## Directions
Restate the entries below in full, exactly as they read, but without pictures.

Saved entries:
************
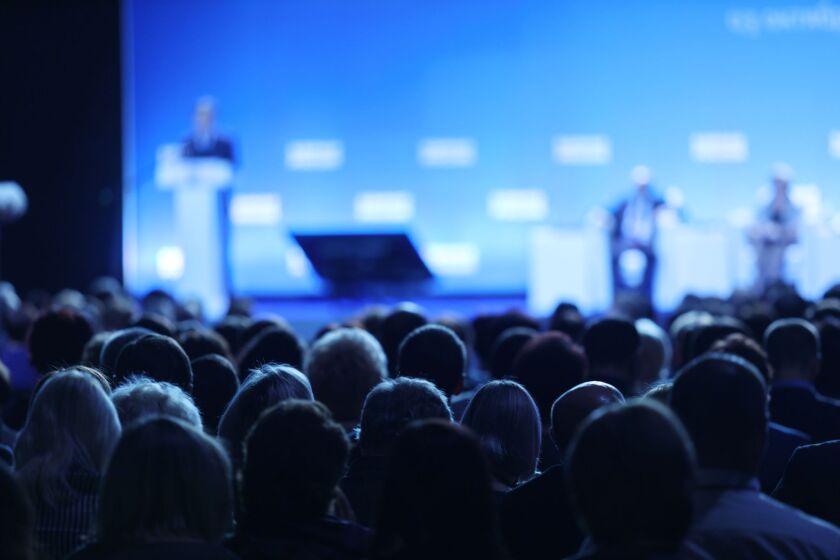 Conference.jpg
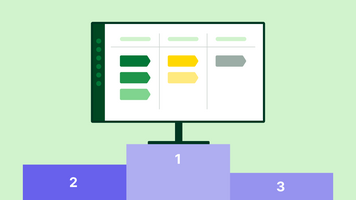 Why CRM is critical for business growth and success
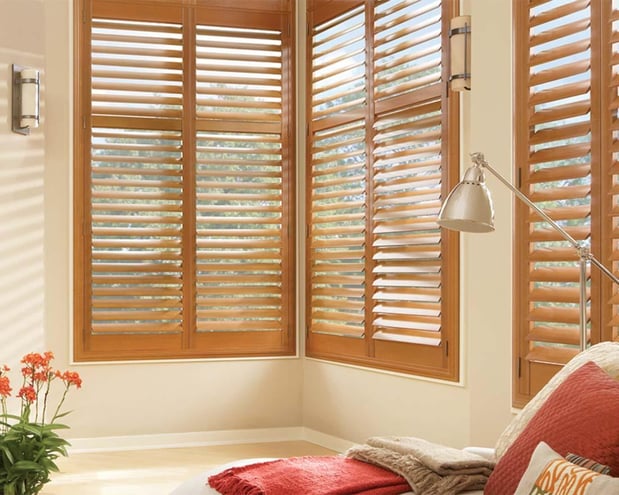 Images Blinds Etc & Carpet Inc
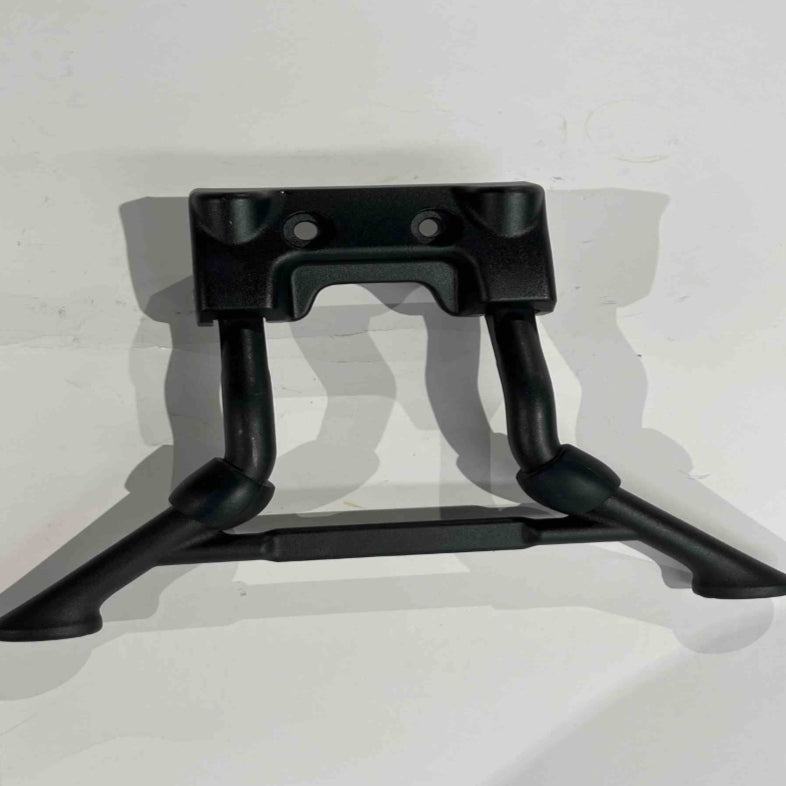 ES600P kickstand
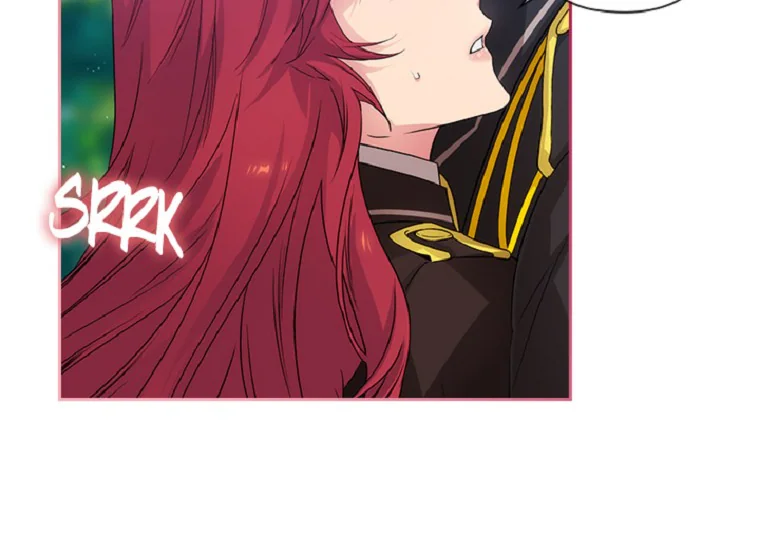 ADONIS Chapter 193 Gambar 291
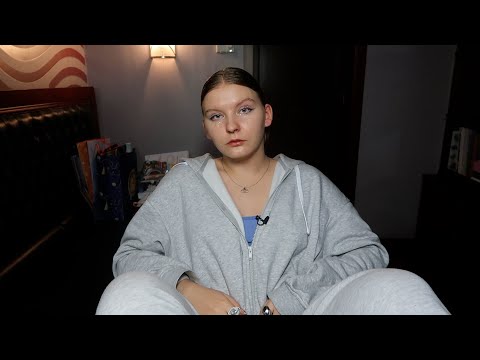 Видео: меня травмировала психотерапия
************
## Reply to the exercise
 Conference.jpg
 Why CRM is critical for business growth and success
 Images Blinds Etc & Carpet Inc
 ES600P kickstand
 ADONIS Chapter 193 Gambar 291
 Видео: меня травмировала психотерапия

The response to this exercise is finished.